元慰安婦訴訟、13日に弁論 日本政府は「主権免除」で欠席へ 





ナムサン市立図書館前に新たに設置された慰安婦像の前で取材に応じる「元慰安婦」の女性の李容洙(イ・ヨンス)さん=2019年8月14日、ソウル(古厩正樹撮影)

 【ソウル=名村隆寛】韓国人の元慰安婦やその遺族らが日本政府を相手取った訴訟の弁論期日となる13日、ソウル中央地裁で裁判が開かれる。被告とされた日本政府は、外国政府が他国の裁判を受けるのを免除する「主権免除の原則」から、裁判には出席せず、欠席裁判となる見通しだ。

 訴訟は朴槿恵(パク・クネ)政権下の2016年12月、元慰安婦ら20人が「精神的、肉体的苦痛を受けた」などとし、日本政府に約30億ウォン(約3億円)の損害賠償を求めたもの。訴訟に関し日本政府は今年5月、韓国政府に対し「却下されねばならない」との見解を伝え、主権免除の原則に基づき韓国の裁判を、日本政府が受けることは認められないとの立場を発表した。

 慰安婦問題をめぐっては、提訴1年前の15年12月に日韓両政府が「完全かつ不可逆的に解決」することを確認し合意済みだ。しかし、文在寅(ムン・ジェイン)政権となった韓国は日韓合意に基づき韓国で設立された元慰安婦のための「和解・癒やし財団」を今年、一方的に解散した。

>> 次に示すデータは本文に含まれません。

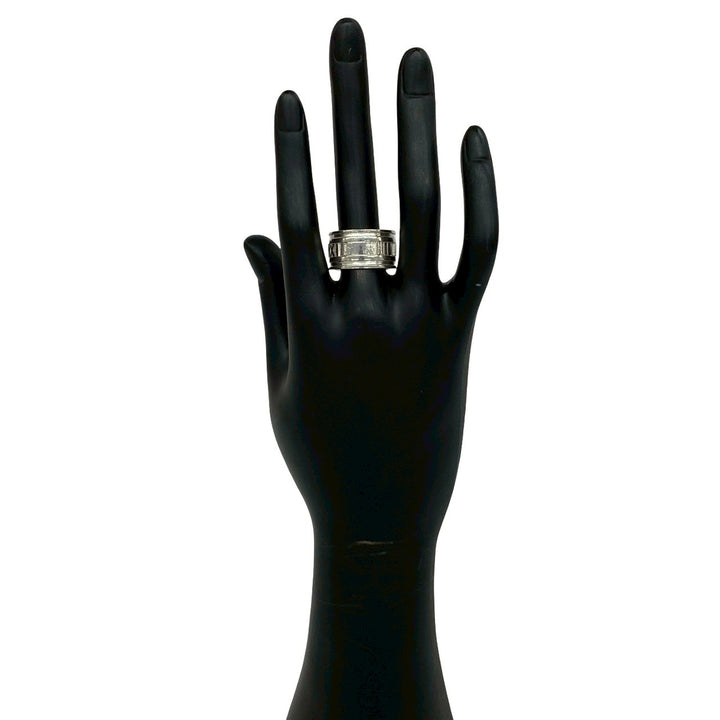 Rings Tiffany Atlas Wide Ring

 慰安婦問題をめぐり韓国の裁判所で日本政府が被告となる訴訟が審理されるのは異例で、日韓合意を完全に無視したものだ。韓国では民事訴訟であることから、韓国最高裁が昨年、日本企業に賠償を命じたいわゆる徴用工訴訟の「慰安婦版」とする見方も出ている。徴用工訴訟の確定判決の流れを受け裁判が進められれば、日韓関係を一層悪化させることになる。